Ok, ok I do have a gardening secret. What is it? Well, I am a clay pot collector. Yes, I said it. I collect clay pots of all shapes and sizes. It does not matter to me if they are cracked or chipped. I still save them but frankly sometimes they are really boring. I love the look of fancy decorative pots but I cannot afford them and really, why do I need them when I have such a lovely collection in my garden shed.
Well, as the gift giving season has approached, I have gone on the search for some ideas on what to do with my collection. How can I change up a plan clay pot? How can I make it look like a designer piece that can hold the most valuable and rare gift? Well, below are some of the ideas I have found and other ideas I have used for years.
Yes, I have used the old foil formed pot sleeve that you find around many plants in florists. Yes, I do keep these from year to year. They do serve a purpose and make a quick cover for a container. But frankly, these can be boring and the colors can be limited. If you like the pot sleeve cover idea but would like to take it up a notch, consider making your own with fabric.
A pot sleeve made from fabric is easy to do and may take you back to your old school days. To start, pick out your fabric. Turn your pot upside down and lay the fabric over it to test the measurement. Adjust as needed. Next, you will need to dip the fabric into a substance that will make it stiff. This can either be starch that is found in the laundry section of the store or white glue diluted down with water.

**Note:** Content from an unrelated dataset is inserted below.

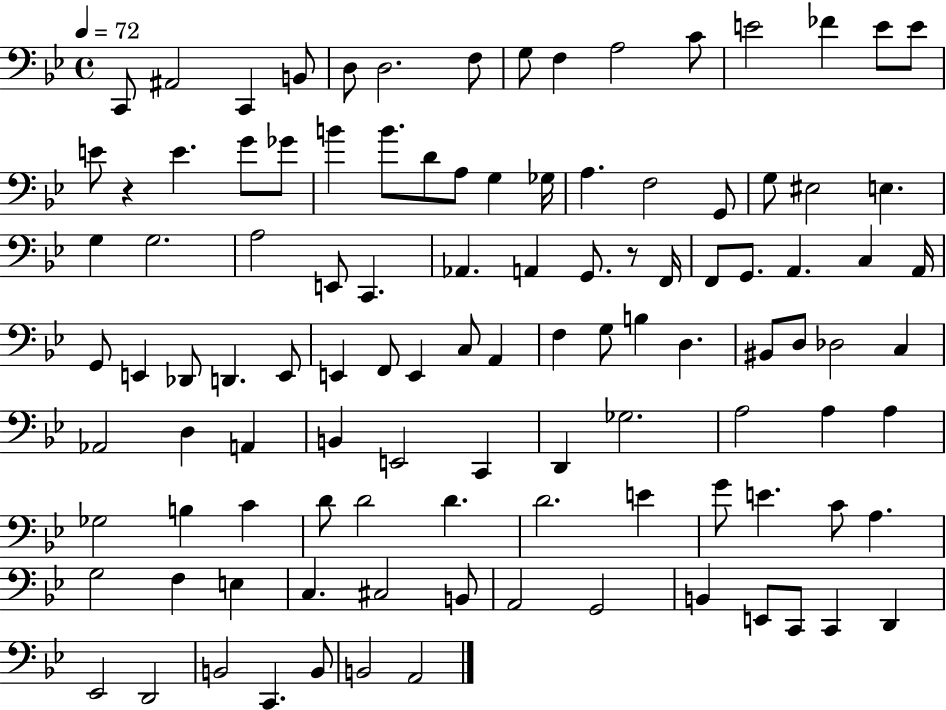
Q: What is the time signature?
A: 4/4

Once you have your fabric dipped, squeeze out the excess and drape over the pot. Allow to dry completely before sitting the pot upright.

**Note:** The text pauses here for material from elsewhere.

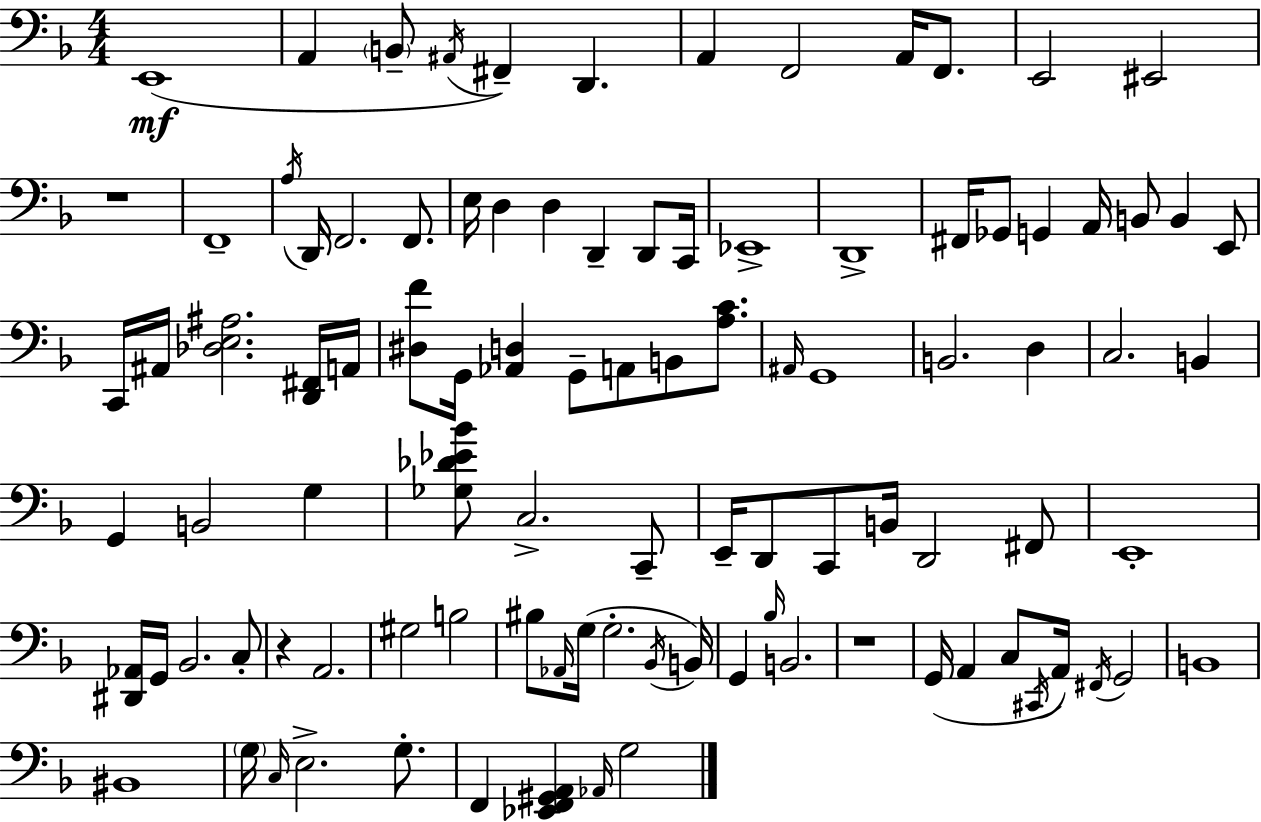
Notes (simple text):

E2/w A2/q B2/e A#2/s F#2/q D2/q. A2/q F2/h A2/s F2/e. E2/h EIS2/h R/w F2/w A3/s D2/s F2/h. F2/e. E3/s D3/q D3/q D2/q D2/e C2/s Eb2/w D2/w F#2/s Gb2/e G2/q A2/s B2/e B2/q E2/e C2/s A#2/s [Db3,E3,A#3]/h. [D2,F#2]/s A2/s [D#3,F4]/e G2/s [Ab2,D3]/q G2/e A2/e B2/e [A3,C4]/e. A#2/s G2/w B2/h. D3/q C3/h. B2/q G2/q B2/h G3/q [Gb3,Db4,Eb4,Bb4]/e C3/h. C2/e E2/s D2/e C2/e B2/s D2/h F#2/e E2/w [D#2,Ab2]/s G2/s Bb2/h. C3/e R/q A2/h. G#3/h B3/h BIS3/e Ab2/s G3/s G3/h. Bb2/s B2/s G2/q Bb3/s B2/h. R/w G2/s A2/q C3/e C#2/s A2/s F#2/s G2/h B2/w BIS2/w G3/s C3/s E3/h. G3/e. F2/q [Eb2,F2,G#2,A2]/q Ab2/s G3/h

To add an extra designer touch, consider wrapping a ribbon around the fabric pot sleeve.
This is an old standby. Today, painting your clay pots is no problem. There are numerous colors to choose from and if you really want to upscale your terra cotta containers, consider using chalkboard paint.
While you can simply spray your pot with paint, you will get a better finish if you prime it first with watered down, water based paint. Why would you want to do that? Well, clay is porous and will soak up paint like a sponge. To fill in those pores, prime the clay pot first with the mixture described previously. Once the primer is dry, paint it with full strength paint.
Decoupage is another technique that works wonderful on clay pots. You can use fabric or paper napkins cut into strips or pieces. The basic process of this technique starts off with covering a small area of the pot with mod podge and then putting your material or paper napkins on the decoupaged area. If using fabric, only paint on additional mod podge on the edges of the fabric. On the other hand, if you are using paper napkins, cover the paper napkin with mod podge before adding another piece. Repeat with the process until the container is covered and then allow to dry before adding plant.
If you are looking for a quick way to decorate a plain clay pot then permanent markers are the answer. They come in a range of colors and dry quickly. Your only limit is your imagination. While you can free-form it, you may want to plan out a design before pulling out the markers and beginning to draw.
This technique does take some time and planning but the effect is beautiful and classy. To begin this process, you will need to gather a few supplies that you probably do not have lying around. First, you will need a container of plaster of Paris, colored paint, wooden stir stick, sand, old bowl or deep pan, chalk pastels, and sealant.
Once you have all the supplies gathered, mix up the plaster of Paris according to the directions. Mix paint into the plaster of Paris. Keep in mind though, that the color you end up with will be lighter than what you want. In doing so, add more color than you think you need.
To get some texture going in your finish, add some sand. The amount will be up to you. Mix thoroughly.
Now, you are ready to apply it to your terra cotta pot. To do this, scoop out a big amount with your hand and smooth it over the pot. Continue to cover until you are satisfied with the coverage. Next, allow it to dry.
Once dried, you can customize it even farther by sanding away some of the plaster of Paris and/or rub the surface with chalk.
After you have the finish that you would like, preserve your work with a sealant.
As beautiful as all these finishes are, there are a few things you need to do to preserve the finish. First, avoid planting directly into any of the finishes that are cloth or paper. While you may think you can be careful when you water, believe me an accident will happen. Two, avoid putting anything outside that has a cloth or paper finish. The reason for this is two-fold. First the rain and second the sun. Both of these elements can and will eventually destroy your work.
Finally, if you insist on planting directly into your designer pot, make sure to check the soil moisture before watering. Why you may ask? Well, the reason is simple. Many of the finishes discussed close the pores of the clay pot. Closing these pores will keep the water from the soil going into the pores and evaporating through the pot. In doing so, check the soil’s moisture with your finger before adding any water.